Steve Martin posted a touching story about meeting Betty White for the first time on Thursday, just one day before the world learned that White had died at age 99.
The "Only Murders in the Building" star, 76, shared the story with his Twitter followers, noting that the meeting between the two comedy legends took place in Los Angeles in 1974.
"In 1974, I was an obscure opening act for Linda Ronstadt at the Troubadour in Los Angeles.
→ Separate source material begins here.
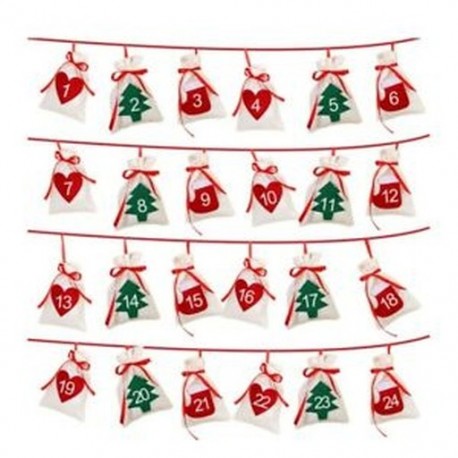 3X (pamut karácsonyi adventi naptár Garland 24db 11x16cm függő Advent Ca D6K8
Passing through the lobby before the show, I saw Betty White and her husband Allen Ludden waiting in line," Martin wrote.
"I loved Betty White, so I went up to them: 'I’m so honored to meet you both.' And then I said, 'Isn’t Linda great?'" he continued.
What Martin, who was then only beginning his comedy career, didn't expect was to hear White praise him.
"She said, 'We came to see you,'" Martin wrote. "I said, 'Why?'"
"'Because we heard you were funny,'" White told him.
Martin, who would go on to make audiences laugh in classic comedies including "The Jerk," "Three Amigos" and "Planes, Trains and Automobiles," concluded his story by recalling the joy he felt after White gave him her vote of confidence.
"I was elated," he wrote.
White, who charmed television audiences playing ditzy widow Rose Nylund on “The Golden Girls,” sex-obsessed TV host Sue Ann Nivens on “The Mary Tyler Moore Show” and salty retiree Elka Ostrovsky on “Hot in Cleveland," passed away less than three weeks shy of her much-anticipated 100th birthday.
White's Hollywood friends and former co-stars, including Ryan Reynolds and Valerie Bertinelli, reacted to the news of her death by sharing emotional tributes on social media, with many thanking White for all the laughter she inspired during her seven-decade career.
"The world looks different now,” Reynolds, who starred with White in the 2009 comedy "The Proposal," wrote in a tribute he shared on Twitter.
“She was great at defying expectation,” Reynolds continued. “She managed to grow very old and somehow, not old enough. We’ll miss you, Betty. Now you know the secret.”
“Rest in peace, sweet Betty," wrote Bertinelli, who co-starred alongside White in “Hot In Cleveland. "My God, how bright heaven must be right now.”